Algorithm parameters for Impala.

actors_batch_size: int = 2

number of actors to combine to one batch

deterministic_eval: bool

run evaluation in deterministic mode (argmax-policy)

device: str = 'cpu'

Device of the learner (either cpu or cuda). Note that the actors collecting rollouts are always run on CPU.

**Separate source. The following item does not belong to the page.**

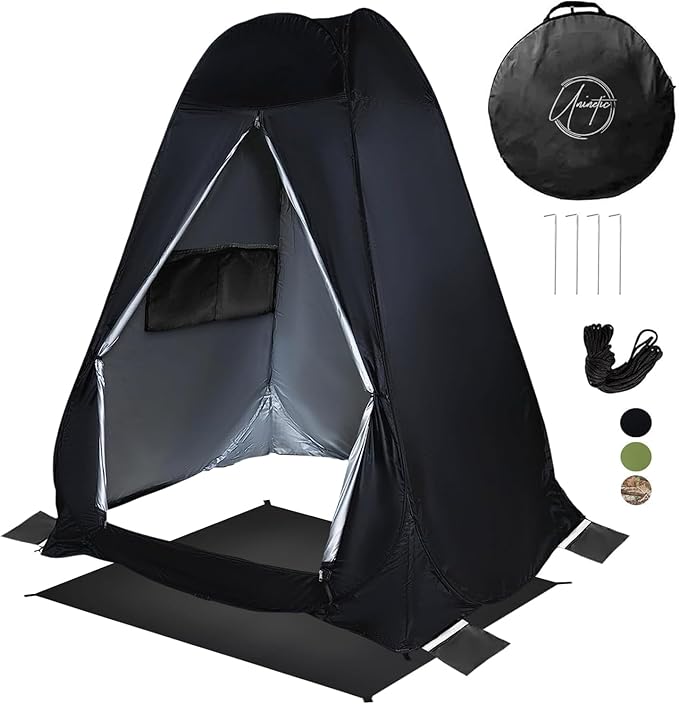 Pop Up Large Privacy Tent - 7ft Tall - Oversized Strong Camping Toilet Tent- Portable Camp Shower Pod w/Hooks- Porta Pod- Outdoor Bathroom, Potty, Changing Private Room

entropy_coef: float = 0.00025

coefficient of the entropy used in the loss calculation

epoch_length: int

number of updates per epoch

eval_concurrency: int

Number of concurrently executed evaluation environments.

eval_repeats: int

number of evaluation trials

gamma: float = 0.98

discount factor

lr: float = 0.0002

learning rate

max_grad_norm: float = 0

max grad norm for gradient clipping, ignored if value==0

n_epochs: int

number of epochs to train

n_rollout_steps: int = 50

number of rolloutstep of each epoch substep

num_actors: int = 2

number of actors to be run

patience: int

number of steps used for early stopping

policy_loss_coef: float = 1.0

coefficient of the policy used in the loss calculation

queue_out_of_sync_factor: float

this factor multiplied by the actor_batch_size gives the size of the queue for the agents output collected by the learner. Therefor if the all rollouts computed can be at most (queue_out_of_sync_factor + num_agents/actor_batch_size) out of sync with learner policy

reward_clipping: str = 'abs_one'

the type of reward clipping to be used, options ‘abs_one’, ‘soft_asymmetric’, ‘None’

value_loss_coef: float = 0.5

coefficient of the value used in the loss calculation

vtrace_clip_pg_rho_threshold: float = 1.0

A scalar float32 tensor with the clipping threshold on rho_s in rho_s delta log pi(a|x) (r + gamma v_{s+1} - V(x_sfrom_importance_weights)). If None, no clipping is applied.

vtrace_clip_rho_threshold: float = 1.0

A scalar float32 tensor with the clipping threshold for importance weights (rho) when calculating the baseline targets (vs). rho^bar in the paper. If None, no clipping is applied.